Note that these methods are primarily for visualization, not for creating features to use in downstream models, as they don’t provide a transformation that can be applied to new data out-of-the-box.

# Take a subsample for faster computation
np.random.seed(42)
sample_idx = np.random.choice(len(X_train), size=5000, replace=False)
X_sample = X_train[sample_idx]

# Apply t-SNE
tsne = TSNE(n_components=2, perplexity=30, random_state=42)
X_tsne = tsne.fit_transform(X_sample)

# Plot
plt.figure(figsize=(8, 6))
plt.scatter(X_tsne[:, 0], X_tsne[:, 1], alpha=0.5, s=10, c='steelblue')
plt.xlabel('t-SNE 1')
plt.ylabel('t-SNE 2')
plt.title('t-SNE visualization of feature space')
plt.tight_layout()
plt.show()

4Clustering via k-means¶

The second family of unsupervised tools pertains to clustering. Features are grouped into homogeneous families of predictors. It is then possible to single out one among the group (or to create a synthetic average of all of them). Mechanically, the number of predictors is reduced.

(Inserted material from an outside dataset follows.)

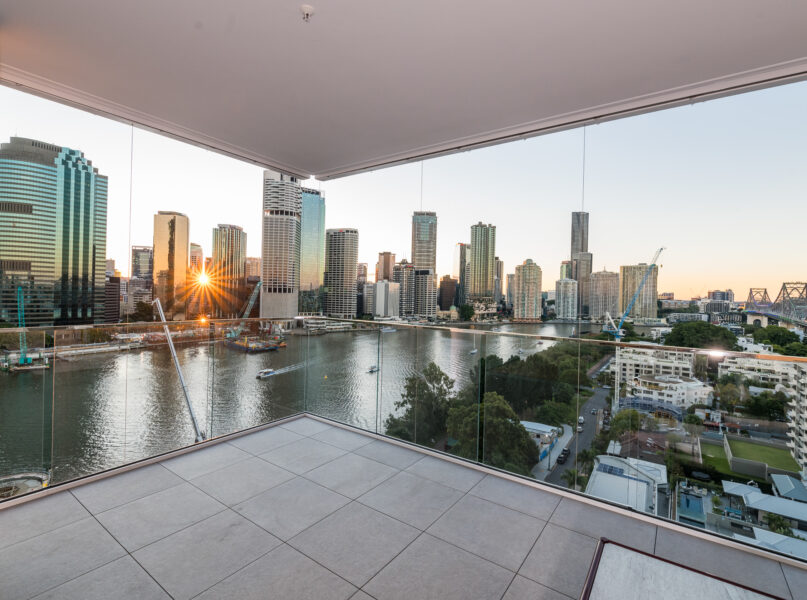 10/11 Thornton Street, Kangaroo Point, QLD 4169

The principle is simple: among a group of variables (the reasoning would be the same for observations in the other dimension) $\textbf{x}_{\{1 \le j \le J\}}$ , find the combination of $k<J$ groups that minimize

\sum_{i=1}^k\sum_{\textbf{x}\in S_i}||\textbf{x}-\textbf{m}_i||^2,

(11)

where $||\cdot ||$ is some norm which is usually taken to be the Euclidean $l^2$ -norm. The $S_i$ are the groups and the minimization is run on the whole set of groups $\textbf{S}$ . The $\textbf{m}_i$ are the group means (also called centroids or barycenters): $\textbf{m}_i=(\text{card}(S_i))^{-1}\sum_{\textbf{x}\in S_i}\textbf{x}$ .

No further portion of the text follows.